La victoria del Partido Republicano en las elecciones del martes en Estados Unidos ha ido más allá del triunfo pronosticado por todas las encuestas. Puede decirse que la presidencia de Barack Obama ha concluido más de dos años antes de que lo haga oficialmente y que desde ahora empieza la campaña del 2016, aunque la Casa Blanca aún dispone de instrumentos para contrarrestar la oposición del Congreso a su política. Una opinión pública defraudada por la gestión del presidente, que demasiado a menudo ha aparecido como débil o dubitativo, y la estrategia republicana del no desde el día siguiente de la elección de Obama se han unido para enterrar el obamismo, entendido este como un difuso catálogo de buenas intenciones más unas gotas de redención de las minorías.

No queda a los defensores del presidente ni la posibilidad de apelar a las constantes históricas y a la tradición según la cual las elecciones de midterm --a mitad de un mandato presidencial-- suelen castigar al jefe del Ejecutivo, más aún si, como en el caso de Obama, se halla a dos años de la jubilación. La presidencia se ha desplomado y la aversión de los candidatos del Partido Demócrata a tener a Obama de acompañante de campaña no hizo más que adelantar el correctivo que se avecinaba. Y aunque en la lista de logros de Obama figuran algunos muy notables como la reducción del paro, la euforia en la bolsa, el final de la depresión que heredó de George W. Bush y la reforma sanitaria, lo que más ha calado en el electorado es el perfil de quien quiso desafiar al establishment con un programa regenerador pero luego se plegó a las exigencias de la realpolitik y las convenciones del Washington de siempre.

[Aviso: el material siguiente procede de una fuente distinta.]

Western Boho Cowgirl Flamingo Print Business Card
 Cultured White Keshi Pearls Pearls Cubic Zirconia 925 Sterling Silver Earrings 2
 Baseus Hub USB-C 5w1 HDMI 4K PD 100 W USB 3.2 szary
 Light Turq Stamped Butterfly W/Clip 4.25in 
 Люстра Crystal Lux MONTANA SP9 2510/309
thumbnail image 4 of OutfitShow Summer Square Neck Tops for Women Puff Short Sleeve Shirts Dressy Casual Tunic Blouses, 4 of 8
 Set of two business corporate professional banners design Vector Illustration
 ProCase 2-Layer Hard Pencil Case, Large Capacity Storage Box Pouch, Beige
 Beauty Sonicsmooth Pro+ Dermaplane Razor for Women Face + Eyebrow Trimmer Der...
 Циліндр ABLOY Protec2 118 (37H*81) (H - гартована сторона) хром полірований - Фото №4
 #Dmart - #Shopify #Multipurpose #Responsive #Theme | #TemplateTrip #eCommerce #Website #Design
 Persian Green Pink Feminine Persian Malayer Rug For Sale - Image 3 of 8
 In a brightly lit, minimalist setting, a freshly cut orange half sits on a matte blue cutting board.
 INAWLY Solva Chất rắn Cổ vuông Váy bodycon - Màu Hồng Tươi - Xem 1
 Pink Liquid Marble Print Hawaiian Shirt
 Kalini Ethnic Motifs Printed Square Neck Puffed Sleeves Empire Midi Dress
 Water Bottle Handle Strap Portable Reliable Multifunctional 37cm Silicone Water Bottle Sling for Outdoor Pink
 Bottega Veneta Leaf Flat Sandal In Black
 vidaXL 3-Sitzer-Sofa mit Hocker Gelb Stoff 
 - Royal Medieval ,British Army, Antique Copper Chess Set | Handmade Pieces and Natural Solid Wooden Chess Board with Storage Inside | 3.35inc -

Hasta la cita electoral del 2016, el pato cojo --apelativo aplicado a los políticos que no pueden presentarse a la reelección-- lo es más que nunca. Algo que no afecta solo a Obama y su equipo, sino que puede proyectarse sobre los candidatos que se presenten dentro de dos años, y en primer lugar sobre Hillary Clinton, de quien pocos dudan que aspirará a la presidencia. Claro que, como otras veces, los vencedores exultantes de hoy pueden cometer el error de convertirse en militantes indesmayables del partido del no por sistema, y entonces quizá Obama pueda rendir un último servicio a su partido: presentarse como el líder a quien la intolerancia de sus adversarios le impidió gobernar.